Beyond Net Zero: The embodied carbon of MEP systems

Historically, operational efficiency has been the key objective for MEP systems, as their main carbon impacts were emitted during operation. To reduce the whole life carbon impacts of a system, however, we must look at both operational and embodied carbon. As heat pumps replace gas boilers, and as the National Grid decarbonises, the operational carbon impacts of MEP systems are reducing, while their embodied carbon contributions are coming into far sharper focus. 

We have collated our past project embodied carbon data to identify the MEP contributions towards total embodied carbon. In the table below, we have defined our results for upfront (A1-A5) and embodied carbon contributions (A1-C4) of all building services.
MEP contributions are reasonably consistent across building sectors, and mostly higher for refurbishment than new build. This is generally true across the industry, due to the lower architectural and structural impacts of refurbishments. Looking at the jump between upfront (A1-A5) and embodied carbon (A1-C4), we see MEP becomes a higher contributor over a building lifespan.
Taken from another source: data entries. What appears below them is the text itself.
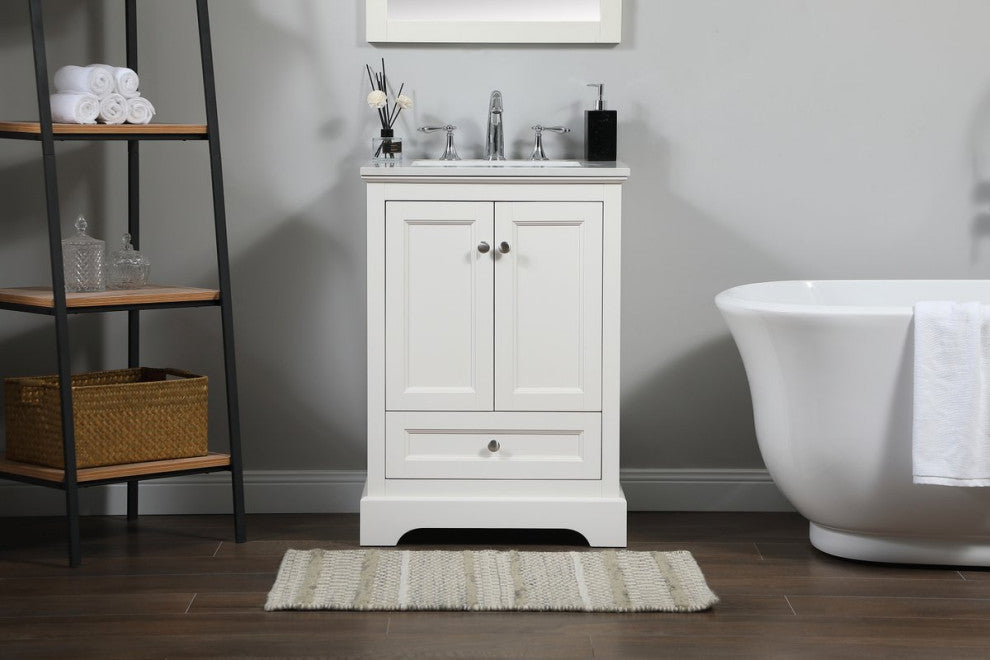 Elegant VF15524WH 24"Single Bathroom Vanity, White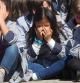 Los alumnos de la Escola Pia de Sarrià, como en muchos otros centros educativos, guardaron un minuto de silencio por las víctimas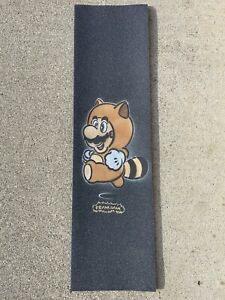 Mob Skateboard Graphic Grip Tape Super Mario Bros. Mario Raccoon Cartoon Art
Architectural and Structural impacts are largely upfront, while building services have in-use impacts – such as refrigerant leakage and replacement cycles – which become significant. 

The new version of BREEAM and the new UK Net Zero Carbon Building Standard (UKNZCBS) have defined targets for embodied carbon in both new builds and refurbishments across a range of building typologies. While these provide a useful whole building figure, there is little guidance on targets for specific design areas, such as MEP. Using our data, we have defined an MEP-specific upfront carbon (A1-A5) benchmark, compatible with an NZC future (overleaf). We hope that this will guide low embodied carbon MEP design, and set a reasonable target to work towards. 

While there is much still to learn about MEP embodied carbon, we believe there are certain things that the industry should adopt now:

• Heat pump selection: specify low GWP refrigerants and avoid over-sizing.
• Early-stage optioneering assessments in concept design: consider both embodied and operational carbon to inform design strategy, and minimise whole life carbon impacts.
• Improved modelling accuracy: expansion of an embodied carbon product database is needed to feed into MEP concept designs and specifications. We need to challenge manufacturers to publish their embodied carbon data on product ranges. Currently all models rely on ‘proxy products’ and have a large degree of uncertainty built in.  

In the future, there may be a limit to which we can reduce our impacts through ‘business as usual’ product specifications. As targets become stricter, projects will have to adopt refurbishment and circular economy principles to achieve accreditation. This is a rapidly developing business area, which may change how we approach procurement and specification in construction industry.

Above all, efforts to reduce embodied carbon must be a combined effort of multiple disciplines if they are to succeed. Design decisions are interconnected, and benefits in one area may have impacts on another. Decisions such as plant location and floor-to-ceiling height will have significant implications for MEP design, structure and architecture. Effort should be made to improve our understanding of these relationships, so we can implement low embodied carbon design principles at an early project stage.